Quote the records below in full, exactly as given, with the images taken out.
********
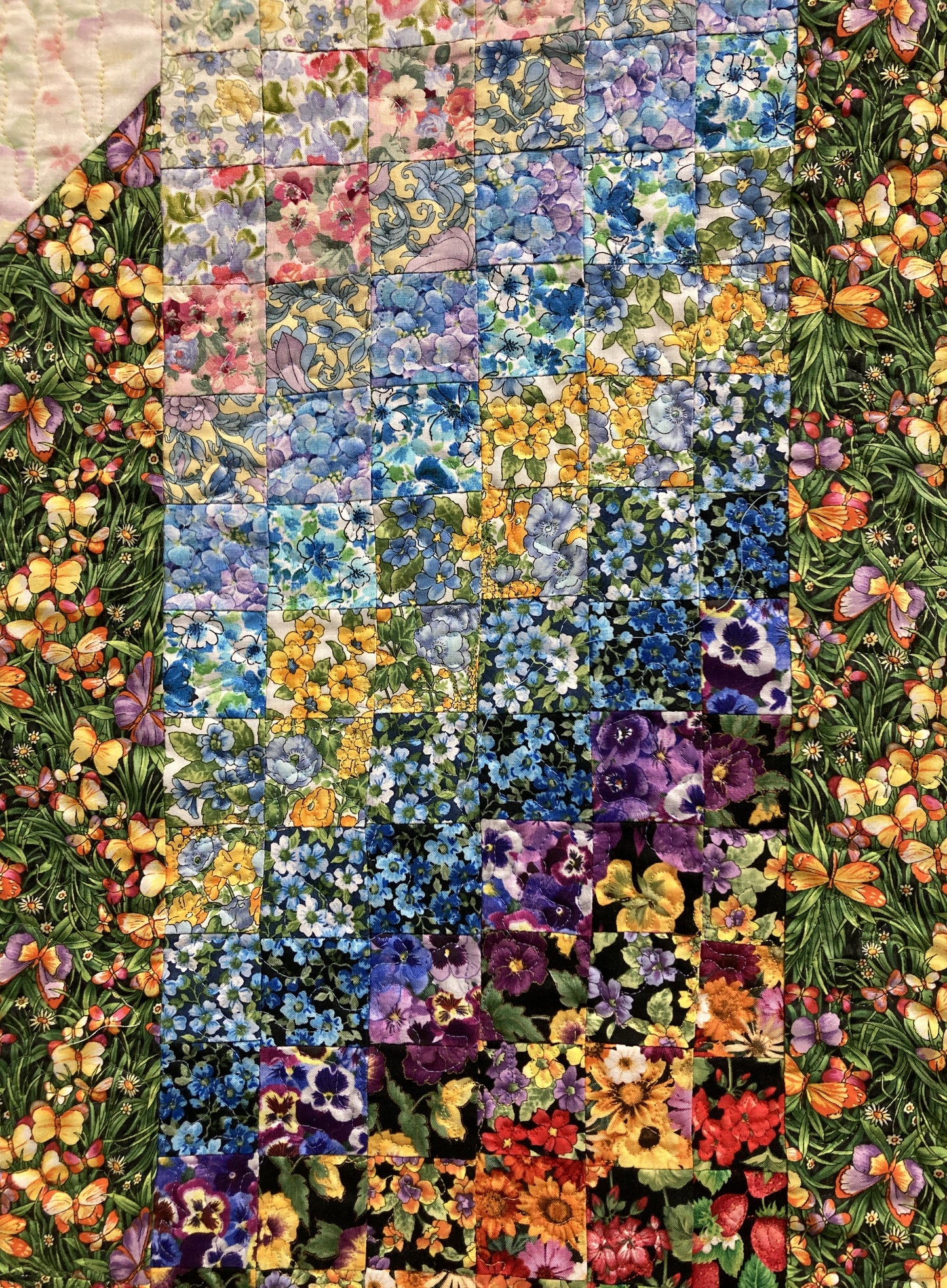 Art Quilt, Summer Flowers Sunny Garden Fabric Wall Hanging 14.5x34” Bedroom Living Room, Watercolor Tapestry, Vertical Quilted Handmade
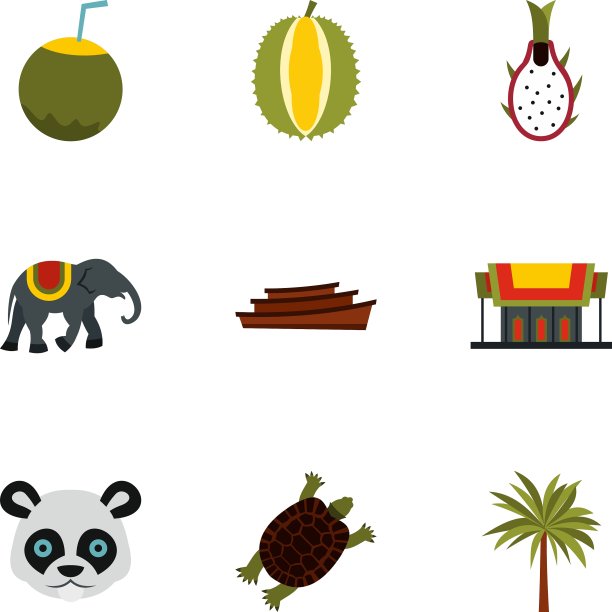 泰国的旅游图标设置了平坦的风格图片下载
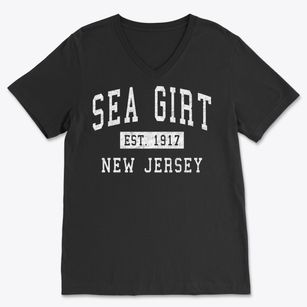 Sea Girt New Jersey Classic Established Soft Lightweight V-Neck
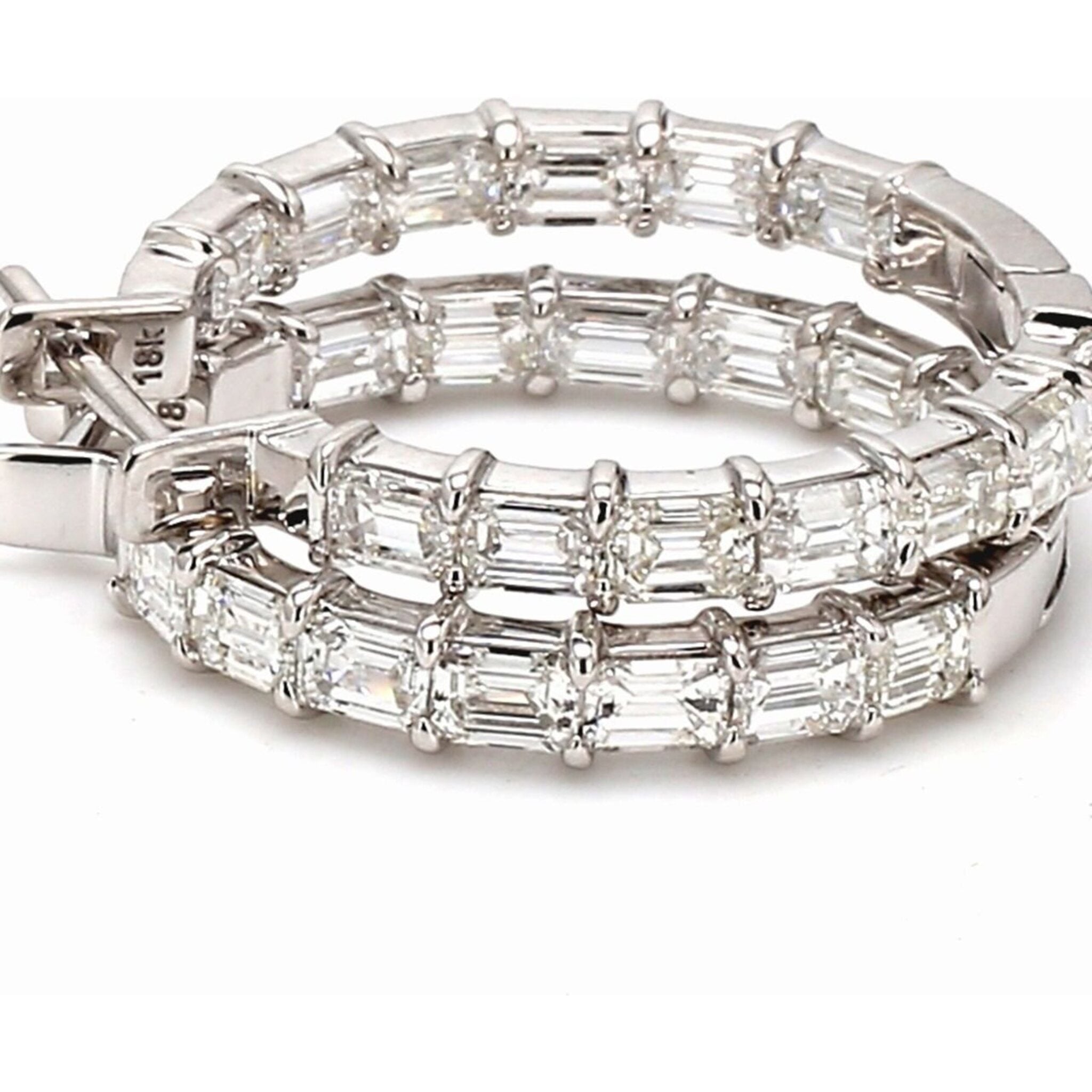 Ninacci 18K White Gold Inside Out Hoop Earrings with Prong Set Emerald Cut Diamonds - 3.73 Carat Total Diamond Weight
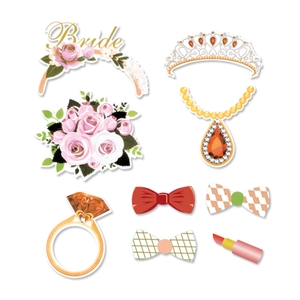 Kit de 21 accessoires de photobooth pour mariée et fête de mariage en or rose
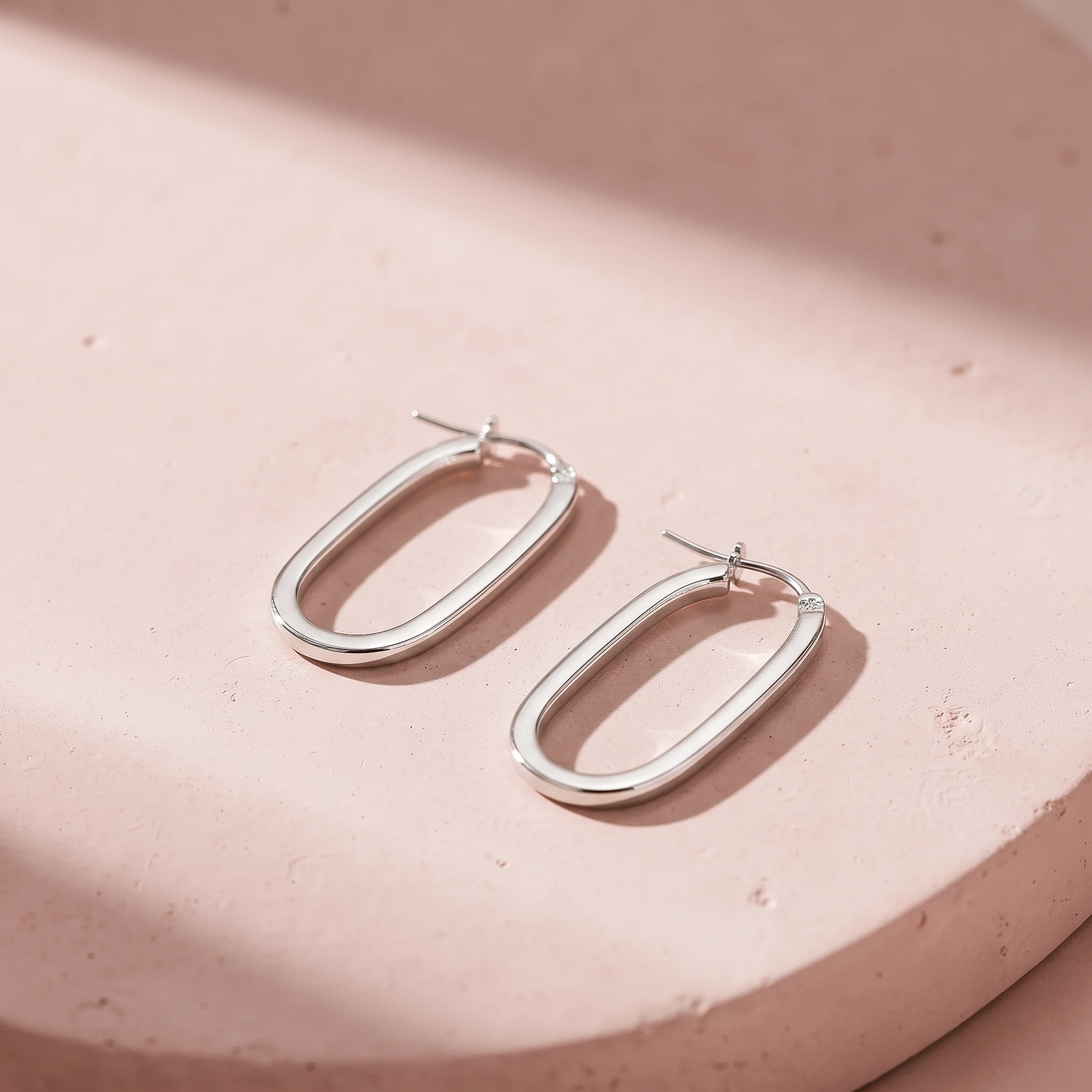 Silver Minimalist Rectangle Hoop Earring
********
_ANSWER TO THIS PROBLEM_
 Art Quilt, Summer Flowers Sunny Garden Fabric Wall Hanging 14.5x34” Bedroom Living Room, Watercolor Tapestry, Vertical Quilted Handmade
 泰国的旅游图标设置了平坦的风格图片下载
 Sea Girt New Jersey Classic Established Soft Lightweight V-Neck
 Ninacci 18K White Gold Inside Out Hoop Earrings with Prong Set Emerald Cut Diamonds - 3.73 Carat Total Diamond Weight
 Kit de 21 accessoires de photobooth pour mariée et fête de mariage en or rose
 Silver Minimalist Rectangle Hoop Earring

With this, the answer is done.